Designing for All Minds: Tracy Brower Brings Neuroinclusivity to the Workplace Conversation

By Brady Mick | June 2025

Each month, our IKO board brings you an industry expert with valuable insights, engaging stories, and thought-provoking perspectives on our ever-evolving world of work and place. In June 2025, we welcomed someone who embodies all of that and more, Dr. Tracy Brower.

Tracy is Vice President of Workplace Insight at Steelcase, the author of The Secrets to Happiness at Work,  Bring Work to Life, Crucial Connections (coming March 2026), and a senior contributor at Forbes and Fast Company. She’s also a trusted professional friend and someone I admire deeply for her work, her writing, and the joy she brings to every conversation. Just a day prior to our session, she had taken the stage at NeoCon to lead a standout panel on neuroinclusive design. For our Coffee Chat, she continued that conversation in her signature way: blending hard data with human experience, deep insight with actionable strategies.

A Four-Chapter Data Story

Tracy opened the session with a compelling four-part data narrative that framed neurodiversity not as a niche concern but as a pressing design and leadership imperative:

  1. It’s Prevalent: Nearly one in five people identify as neurodiverse. But when the question shifts to “Do you feel you think differently from others?” that number jumps to 28%. Among Gen Z and millennials, the figure is even higher.
  2. It’s a Trend, Not a Blip: Younger generations are more willing to talk openly about neurodiversity and to ask for accommodation. This is not a passing issue. This change is shaping the future of workplace design and culture.
  3. There’s a Disconnect: While 83% of people believe accommodations benefit everyone, 60% still fear stigma when requesting them. This points to a cultural lag that thoughtful workplace strategies can address.
  4. The Value Is Real: People who identify as neurodivergent often bring heightened capabilities in creativity, focus, pattern recognition, and innovation. When well-supported, these individuals report higher job satisfaction and are easier to retain.
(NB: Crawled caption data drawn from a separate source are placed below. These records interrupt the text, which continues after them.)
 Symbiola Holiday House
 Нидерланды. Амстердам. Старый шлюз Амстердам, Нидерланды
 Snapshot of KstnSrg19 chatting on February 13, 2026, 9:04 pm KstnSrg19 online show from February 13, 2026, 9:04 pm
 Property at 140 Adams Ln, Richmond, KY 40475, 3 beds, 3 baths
From Universal Design to Targeted Belonging

Tracy challenged us to move beyond universal design as the only goal. “If you designed a playground with only universal design in mind,” she said, “you wouldn’t have swings or slides or climbing walls because not everyone can use them.” Instead, she advocated for targeted design of environments that support specific needs and invite everyone to belong.
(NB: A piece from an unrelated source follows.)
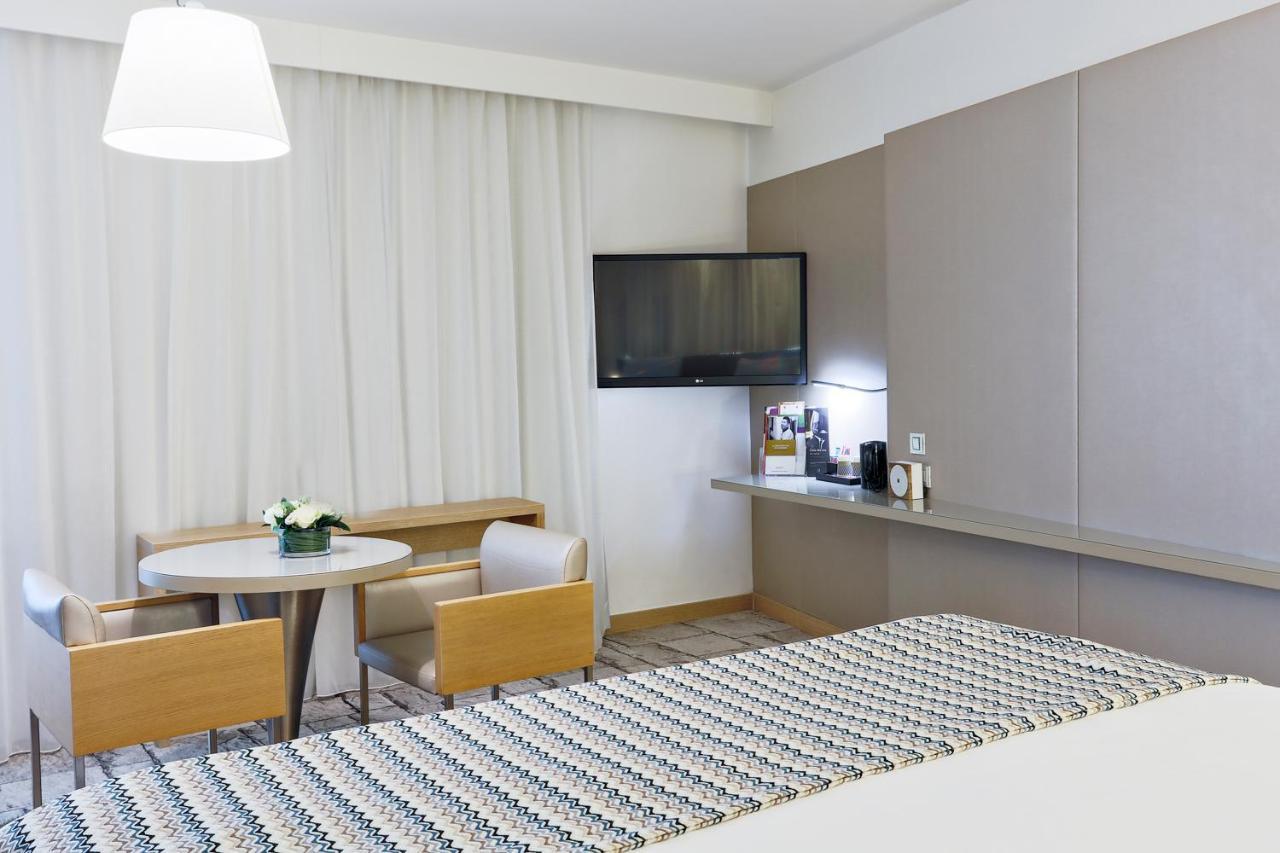 Suite met Kingsize Bed en Slaapbank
We explored how neurodivergence shows up across industries and regions, noting overrepresentation in sectors like technology and oil and gas, and how that shapes local awareness and response. At one point, I asked a personal question: Is neurodivergence a disability? Tracy responded with clarity and compassion: “It’s a different way of being. A different capability.” Sometimes yes, it can be a disability and naming it that way can help us act. But more often, it’s a call to design differently, not less.

Inclusive Design as Both Opportunity and Obligation

With humility and precision, Tracy walked us through the barriers that people who identify as neurodivergent individuals face in the workplace, such as too much noise, unpredictable lighting, lack of personal control over the environment, and she offered tangible solutions: varied work settings, customizable lighting, sound masking, and transition spaces. All rooted in the idea that great design serves everyone better.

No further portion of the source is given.